Background of Assessment Center Methodology
Overview of Assessment Centers
The term “assessment center” is a term of art in the field of Industrial-Organizational Psychology. Basically, an assessment center is a process whereby a person is evaluated on critical competencies necessary for their job using job-related simulations and exercises. The Guidelines and Ethical Considerations for Assessment Center Operations published by the International Task Force on Assessment Center Guidelines defines the term:
An assessment center consists of a standardized evaluation of behavior based on multiple inputs. Several trained observers and techniques are used. Judgments about behavior are made, in major part, from specifically developed assessment simulations. These judgments are pooled in a meeting among the assessors or by a statistical integration process.
Employees use complex skills to perform their jobs. They have to be able to communicate effectively, to manage conflict, to work in groups, to serve customers, and to think critically and ethically. In addition, employees must be able to lead, delegate, and coach. These complex skills are not adequately tested using a paper and pencil, multiple choice test.
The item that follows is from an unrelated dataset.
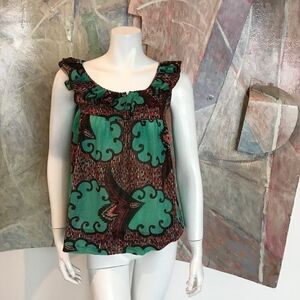 Valentine Blouse Metallic Clouds Ruffle Top SZ 2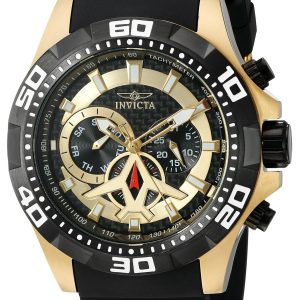 Invicta Herrklocka 21739 Aviator Svart/Gummi Ø49 mm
Although standardized tests are often easy and inexpensive to use, assessment centers are more widely accepted as a means of evaluating employee and manager performance because the evaluations are based on actual performance of job-related core competencies.
The most common exercises used in an assessment center include the in basket exercise, case analysis, leaderless group discussion, and role plays. The in basket exercise requires the individual to deal with numerous tasks that a person in the job would deal with. The case analysis requires the individual to read through a job related problem and prepare a written report for his or her superiors. The leaderless group discussion requires a group of five to seven individuals to work on a problem together. Lastly, role plays require the individual to actually interact with people that the job would require him or her to interact with.
The Guidelines and Ethical Considerations for Assessment Center Operations dictate the essential elements that must be present in order for a process to qualify as an assessment center. These essential elements are:
- Job analysis. A job analysis must be conducted to determine the core competencies important to job success. These core competencies will guide the development of the assessment center exercises and assessment instruments.
- Behavioral classification. Behaviors must be classified into meaningful and relevant categories of competencies.
- Assessment techniques. The assessment center techniques must be designed to evaluate the core competencies identified in the job analysis. A link must be established between the behaviors, the core competencies, and the assessment technique.
- Multiple assessments. Multiple assessments of the core competencies must be used.
- Simulations. Assessment techniques must include job-related simulations that allow raters the opportunity to observe the participant’s behavior as it relates to each core competency being assessed. To qualify as a behavioral simulation, the simulation must require the participant to overtly display behavior.
- Multiple assessors. Multiple assessors must be used.
- Assessor training. Assessors must be thoroughly trained and must demonstrate the ability to properly rate participant behavior.
- Recording behavior. Assessors must use a systematic procedure to record specific behavioral observations.
- Reports. Assessors must prepare a report of their observations for each exercise they evaluate.
- Data integration. The integration of behaviors must be based on pooling of information from the assessors or through a statistical integration process.
This developmental process can be quite complicated and time consuming. As discussed above, a job analysis must be conducted, behavioral dimensions identified, and appropriate job-related simulations developed. The actual assessment process may take one or more days, depending on the complexity of the position and number of exercises being conducted. Typically, three to five exercises per position are used.